Regional geophysical surveys are aimed at studying geological structures (inter-arc basins, subduction, spreading and rift zones, faults) that could host the geothermal reservoirs and contain appropriate ways of the heat transfer to the surface. The main methods used for regional studies are magnetotelluric (MT) and seismic surveys, while gravity and aeromagnetic ones are often applied for increasing the reliability of conclusions drawn basing on the former two methods. Seismic tomography of the earth’s crust (being quite expensive) reveals the geometrical boundaries of the lithological units and is especially good in detection of the regional stratigraphy. Magnetotelluric sounding (relatively cheap method) results in the resistivity model of the studied area that may be interpreted in lithological terms and guide the most favorable areas for future geothermal exploration.
None of the geophysical methods used without geological or other geophysical information can produce reliable results that can be used for decision making on the existence of the geothermal reservoir and its boundaries in the concessional scale. So, seismic and EM methods are often supplemented by gravity and/or aeromagnetic surveys of different scale that depends on the required resolution. Magnetic anomalies correlate quite well with horizontal zonation of the structures, while the gravity maps are used to locate deep faults and to delineate fracture zones characterized by low density.

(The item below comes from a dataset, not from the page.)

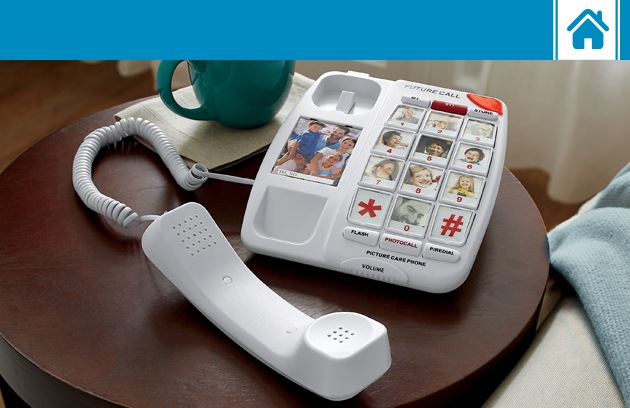 Picture-button white corded phone on an end table with a coffee cup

The tasks of the geothermal studies at local scale are spatial delineating of the geothermal reservoir, indirect evaluation of the temperature and permeability of the geothermal zone and finding the best locations for drilling. Electromagnetic and, in particular, magnetotelluric sounding is a direct method for in situ studies of 3D structure and fluid circulation in the geothermal area. Due to theoretical relations between the electrical resistivity, on the one hand, and temperature, porosity and permeability formed by the presence of alteration minerals, on the other hand, it is often applied for the indirect estimation of these parameters.

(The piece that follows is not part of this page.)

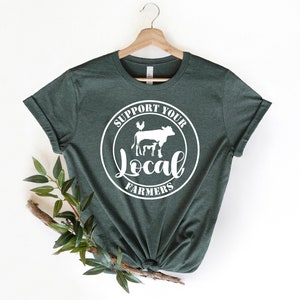 May include: A dark green t-shirt with a white circle graphic that says "Support Your Local Farmers" with a cow, calf, and chicken inside the circle.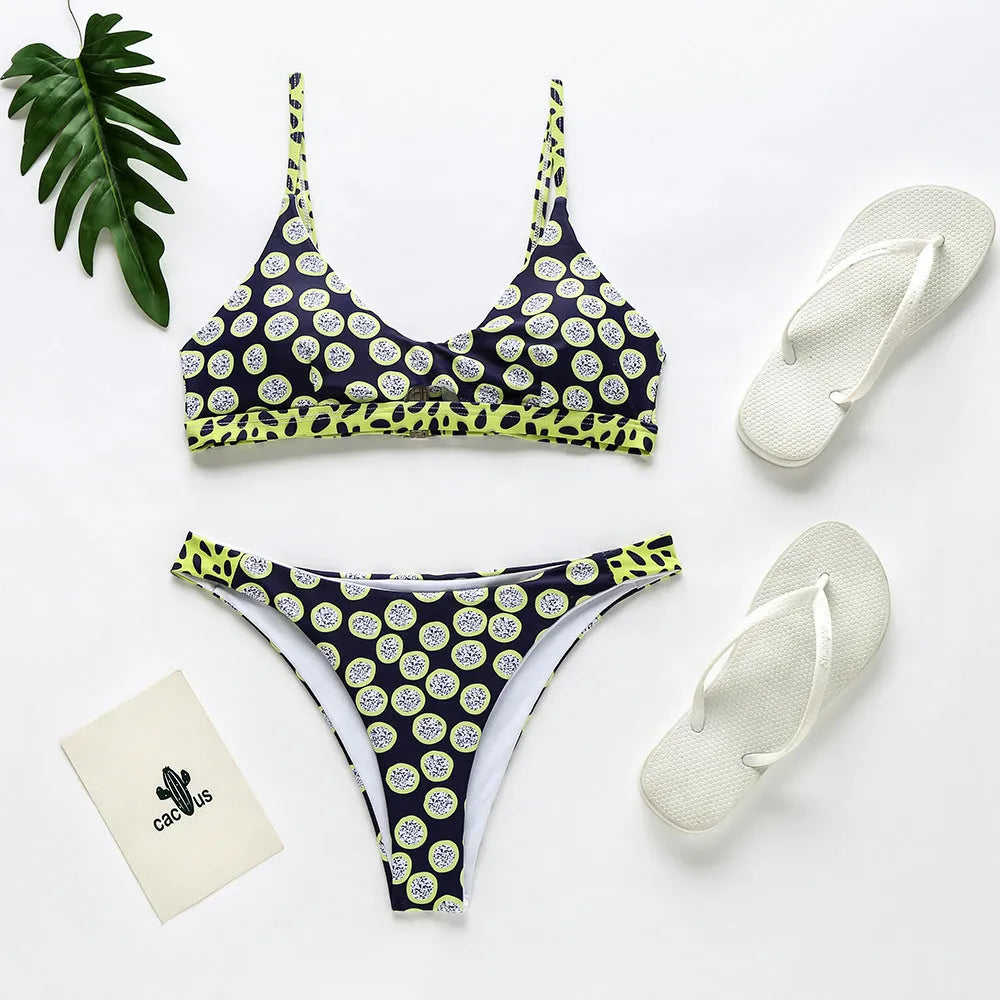 Women's bikini swimsuit in black and white dot pattern and red and white stripe option.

Thus, geophysical sounding of the geothermal zones could be used
- to reveal stratigraphical layering;
- to produce a static image of the reservoir and surrounding structure;
- to locate fractures and faulted zones and determine the strike orientation;
- to detect the boundary between the cap formed by clay minerals and high temperature reservoirs;
- to estimate the permeability and porosity values;
- to monitor the phase change of pore fluid in fractured rocks and resident fluids resulting in resistivity changes in the host rocks;
- to improve the accuracy of reservoir temperature estimates;
- finally, to reduce exploration costs.